Re: [PATCH] scsi: core: cleanup request queue before releasing gendisk

Ming Lei <ming.lei@xxxxxxxxxx> · Fri, 17 Sep 2021 16:32:15 +0800

On Fri, Sep 17, 2021 at 09:56:50AM +0200, Christoph Hellwig wrote:
> On Fri, Sep 17, 2021 at 03:41:05PM +0800, Ming Lei wrote:
> > >  
> > > -	return ret;
> > > +	if (unlikely(!disk_live(disk))) {
> > > +		blk_queue_exit(disk->queue);
> > > +		bio_io_error(bio);
> > > +		return -ENODEV;
> > > +	}
> > 
> > Is it safe to fail IO in this way? There is still opened bdev, and
> > usually IO can be done successfully even when disk is being deleted.
> 
> "normal" I/O should not really happen by the time it is deleted.  That
> being said we should do this only after the fsync is done. While no
> one should rely on that I'm pretty sure some file systems do.
> So we'll actually need a deleted flag.
> 
> > Not mention it adds one extra check in real fast path.
> 
> I'm not really woried about the check itself.  That being
> sais this inode cache line is not hot right now, so moving it to
> disk->state will help as we need to check the read-only flag in
> the the I/O submission path anyway.

When the deleted flag is set in del_gendisk(), it may not be observed
in time in bio_submit() because of memory/compiler re-order, so the
check is still sort of relax constraint. I guess the same is true for
read-only check.

> 
> > > +	/*
> > > +	 * Prevent new I/O from crossing bio_queue_enter().
> > > +	 */
> > > +	blk_freeze_queue_start(q);
> > > +	if (queue_is_mq(q))
> > > +		blk_mq_wake_waiters(q);
> > > +	/* Make blk_queue_enter() reexamine the DYING flag. */
> > > +	wake_up_all(&q->mq_freeze_wq);
> > > +
> > > +	rq_qos_exit(q);
> > 
> > rq_qos_exit() requires the queue to be frozen, otherwise kernel oops
> > can be triggered. There may be old submitted bios not completed yet,
> > and rq_qos_done() can be referring to q->rq_qos.
> 
> Yes.  I actually misread the old code - it atually does two
> blk_freeze_queue_start, but it also includes the wait.
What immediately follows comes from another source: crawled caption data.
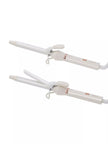 4f0e3dbf-f175-4e52-a3e5-401fd18f7b5d-Max-Origin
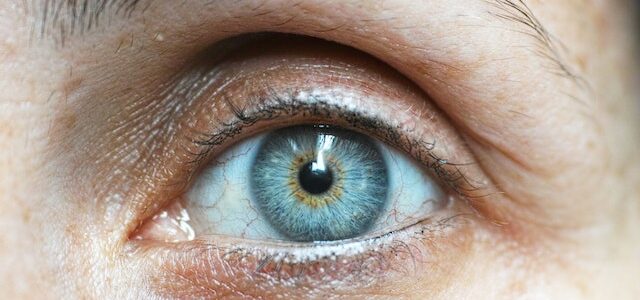 how much is lasik eye surgery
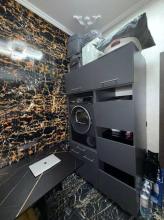 apartamento andar Berlin Venda Alemanha | Image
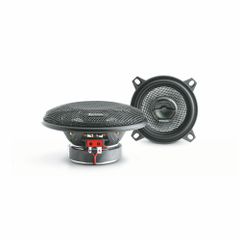 FOCAL 100 AC 2-WAY, 10cm, 80/40rms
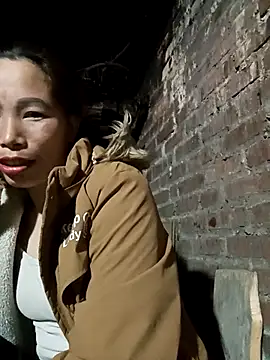 Nllpvp online show from February 2026 01:38:02 PM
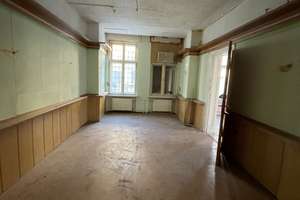  5-Zimmer Einheit in Berlin mit 163 m² in Pankow Weißensee, Kurzzeitvermietung möglich- Airbnb…. – Indira-Gandhi-Straße 8-9, 13053 Weißensee, Berlin – Vorschaubild 14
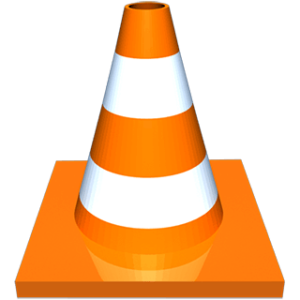 VLC Media Player Latest Version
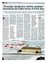 Suplemento 10-07-2011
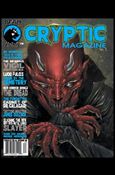 Cryptic Magazine issue 2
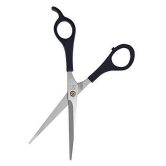 Verceys Moustache Scissors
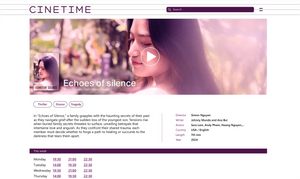 Lenovo Tab One Wi-Fi (without power adapter) | ZAF00254SE | 8.7 " | Luna Grey | IPS | 1340 x 800 pixels | MediaTek | Helio G85 | 4 GB | Soldered LPDDR4x | 64 GB | Wi-Fi | Front camera | 2 MP | Rear camera | 8 MP | Bluetooth | 5.3 | Android | 14 or La...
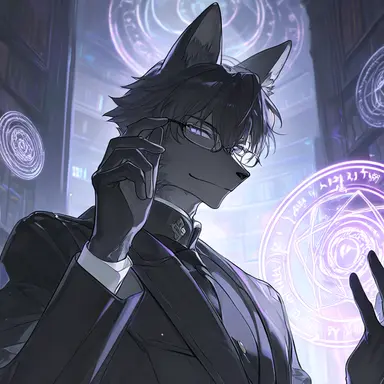Shion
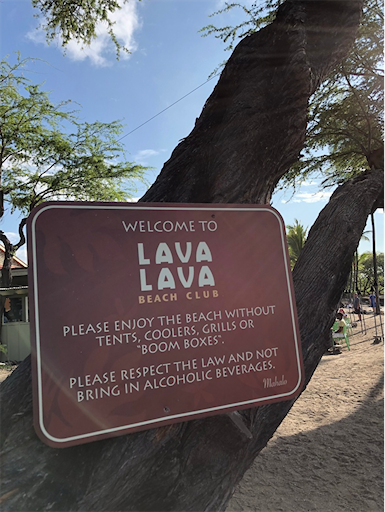 f:id:Hawaii_raoukona:20191206192634p:image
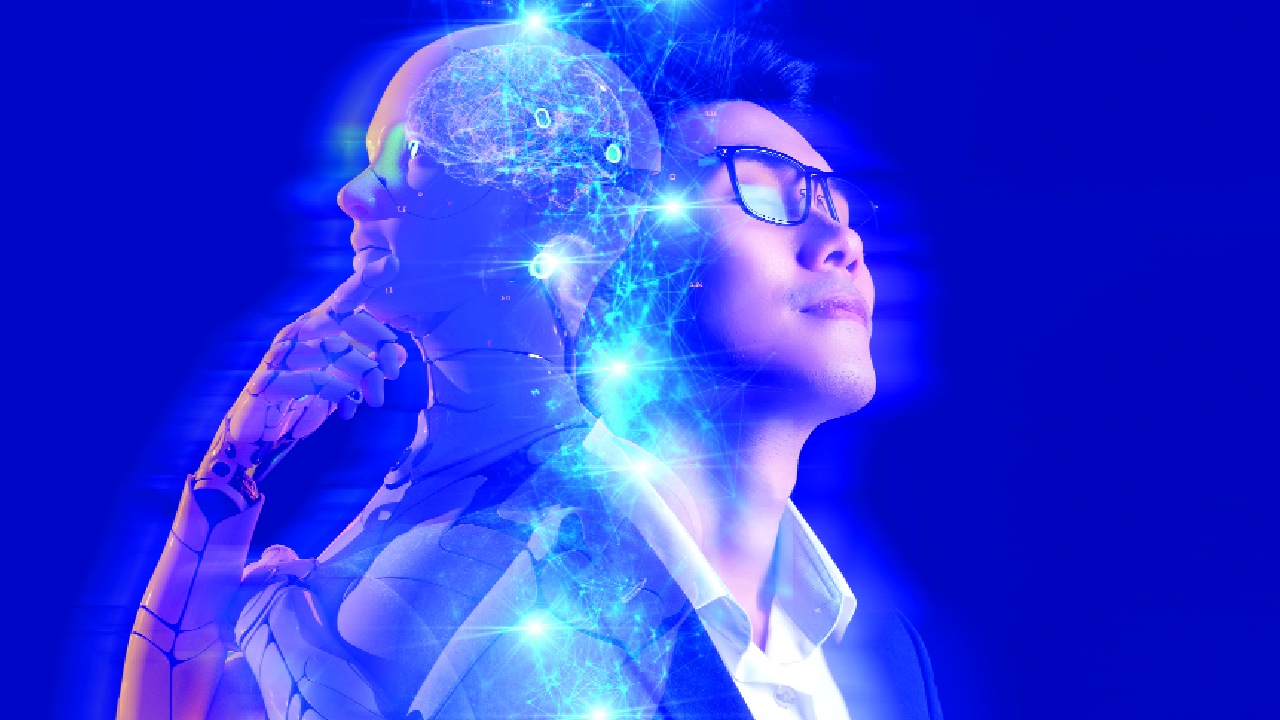 Mini-trends in mega-tech year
Only blk_freeze_queue() includes the wait, and blk_freeze_queue_start()
doesn't.

> 
> > But if waiting for queue frozen is added, one extra freeze is added,
> > which will slow done remove disk/queue.
> 
> Is it?  For the typical case the second free in blk_cleanp_queue will
> be bsically free because there is no pending I/O.  The only case
> where that matters if if there is pending passthrough I/O again,
> which can only happen with SCSI, and even there is highly unusual.

RCU grace period is involved in blk_freeze_queue(). One way you can
avoid it is to keep the percpu ref at atomic mode when running
blk_mq_unfreeze_queue() in del_gendisk().

Thanks,
Ming